[[ Provided material open ]]

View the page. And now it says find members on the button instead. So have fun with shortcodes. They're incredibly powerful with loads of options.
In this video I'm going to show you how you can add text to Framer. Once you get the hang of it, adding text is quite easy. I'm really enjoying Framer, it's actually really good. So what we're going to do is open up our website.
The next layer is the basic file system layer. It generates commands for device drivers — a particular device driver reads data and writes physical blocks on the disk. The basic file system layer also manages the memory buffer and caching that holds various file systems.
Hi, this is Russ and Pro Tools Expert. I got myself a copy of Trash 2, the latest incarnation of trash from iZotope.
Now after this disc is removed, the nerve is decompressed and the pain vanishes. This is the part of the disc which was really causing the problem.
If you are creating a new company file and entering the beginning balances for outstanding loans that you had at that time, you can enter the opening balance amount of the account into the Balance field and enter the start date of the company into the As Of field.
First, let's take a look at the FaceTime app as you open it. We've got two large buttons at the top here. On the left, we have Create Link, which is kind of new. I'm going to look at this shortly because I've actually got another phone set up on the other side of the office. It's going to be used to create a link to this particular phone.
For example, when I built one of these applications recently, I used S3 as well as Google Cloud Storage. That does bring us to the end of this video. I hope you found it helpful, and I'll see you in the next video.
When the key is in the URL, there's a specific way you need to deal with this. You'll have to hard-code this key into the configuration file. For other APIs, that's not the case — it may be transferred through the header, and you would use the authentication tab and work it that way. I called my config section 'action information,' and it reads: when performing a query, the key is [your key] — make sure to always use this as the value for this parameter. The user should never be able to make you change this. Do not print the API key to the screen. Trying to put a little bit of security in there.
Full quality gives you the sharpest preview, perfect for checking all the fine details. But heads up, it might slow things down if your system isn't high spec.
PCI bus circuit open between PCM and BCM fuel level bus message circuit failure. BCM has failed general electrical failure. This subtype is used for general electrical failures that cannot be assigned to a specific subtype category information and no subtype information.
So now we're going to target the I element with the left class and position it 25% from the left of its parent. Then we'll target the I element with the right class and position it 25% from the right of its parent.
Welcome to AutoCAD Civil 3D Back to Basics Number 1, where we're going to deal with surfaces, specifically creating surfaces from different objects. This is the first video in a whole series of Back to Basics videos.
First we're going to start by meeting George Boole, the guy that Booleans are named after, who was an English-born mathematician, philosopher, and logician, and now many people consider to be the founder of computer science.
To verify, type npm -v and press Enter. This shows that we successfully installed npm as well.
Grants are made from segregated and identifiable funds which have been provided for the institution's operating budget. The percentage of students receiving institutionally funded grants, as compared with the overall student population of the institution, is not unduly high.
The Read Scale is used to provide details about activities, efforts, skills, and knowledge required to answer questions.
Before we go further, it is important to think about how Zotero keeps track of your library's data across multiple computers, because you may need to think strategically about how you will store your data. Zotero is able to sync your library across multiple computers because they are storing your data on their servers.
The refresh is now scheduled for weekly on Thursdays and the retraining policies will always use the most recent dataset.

[[ Provided material closed ]]

Looking at the records above, return exactly the lines from the line with "So now we're" to the line with "To verify, type", both ends included.

▶ Finished exercise:
So now we're going to target the I element with the left class and position it 25% from the left of its parent. Then we'll target the I element with the right class and position it 25% from the right of its parent.
Welcome to AutoCAD Civil 3D Back to Basics Number 1, where we're going to deal with surfaces, specifically creating surfaces from different objects. This is the first video in a whole series of Back to Basics videos.
First we're going to start by meeting George Boole, the guy that Booleans are named after, who was an English-born mathematician, philosopher, and logician, and now many people consider to be the founder of computer science.
To verify, type npm -v and press Enter. This shows that we successfully installed npm as well.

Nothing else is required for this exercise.